This is the ‘Cinderella’ of the laundering and rental sector, with major untapped opportunities in most plants. Energy efficiencies vary from 30 to 55%, with leading tumbler suppliers still striving for over 60%. Astute laundry engineers have long recognised the importance of membrane press tuning (and washer extractor spin cycles) on minimising energy wastage cost, but few have yet persuaded their production teams to eliminate conditioning of flatwork to be ironed. The ironer can offer thermal efficiencies of around 95%, so it makes sound sense to keep the tumbler time down to 30 sec or so on a tunnel washer line, and to eliminate tumbling entirely for sheets, pillowcases and table linen from washer extractors.

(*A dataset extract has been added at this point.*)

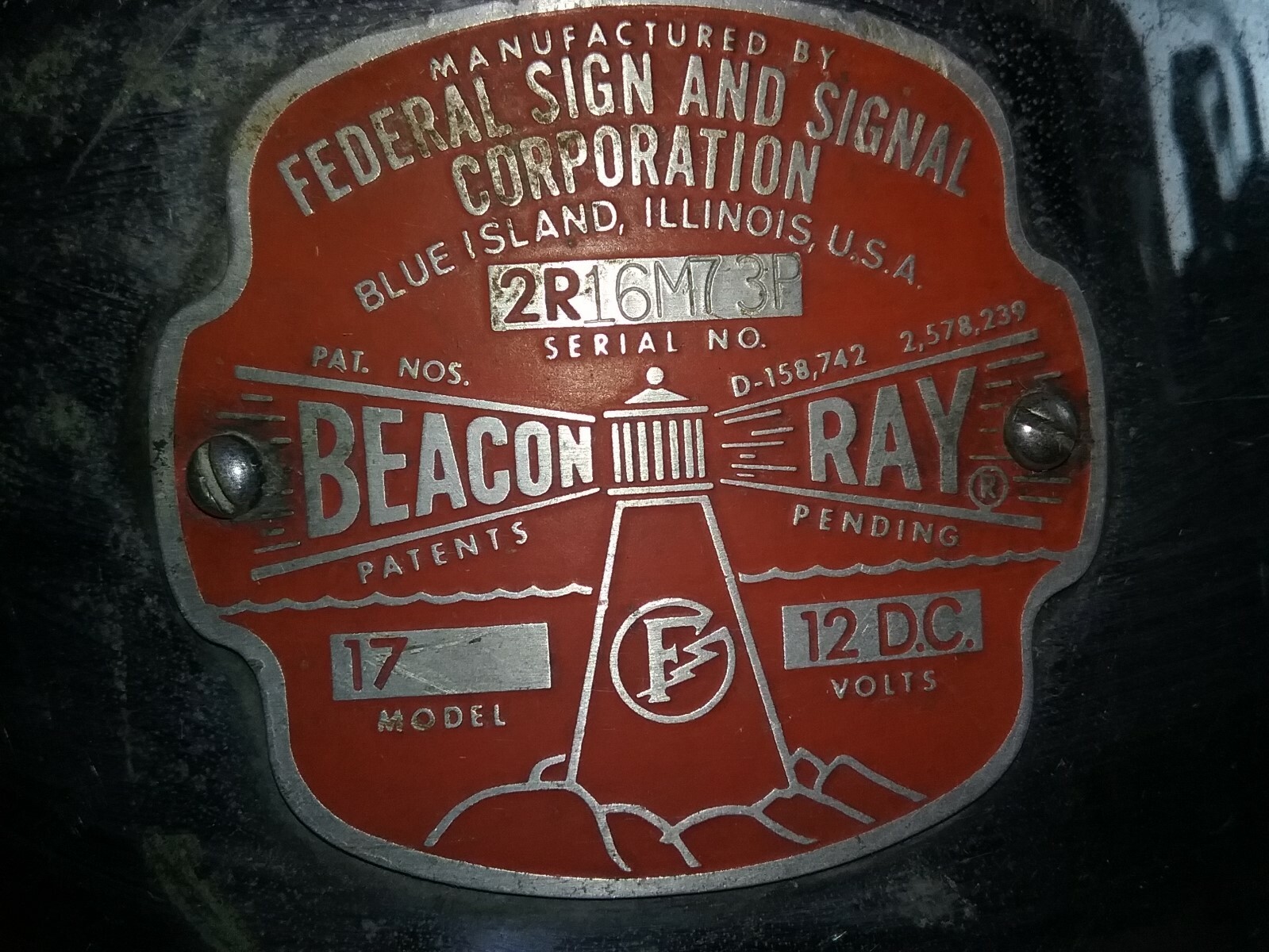 Vintage Federal Sign & Signal Corp. Beacon-Ray Model 17 AMBER Light 12V OCT 1967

Direct gas-fired dryers have long been preferred by textile rental plants, because they offer much higher productivity than steam heated units operating at 8bar pressure. They also have enormous energy saving benefits over steam dryers, because they eliminate losses from boiler flue gas, steam system distribution and condensate/flash steam. Many healthcare laundries still opt for steam dryers because they cope with plastic bags slightly better than gas-fired ones (simply because the dryer temperature is limited by the steam pressure, so they do not run as hot). The solution is not to buy steam heated dryers for this reason – they are seriously wasteful – but to limit specify drums resistant to plastic adhesion, and drum panels that can be easily and quickly replaced for removal of plastic. This should be followed by a serious attempt to eliminate plastic bag contamination at source, so that you can get the full productivity and energy economy benefit of gas fired dryers without blocking up your tumblers.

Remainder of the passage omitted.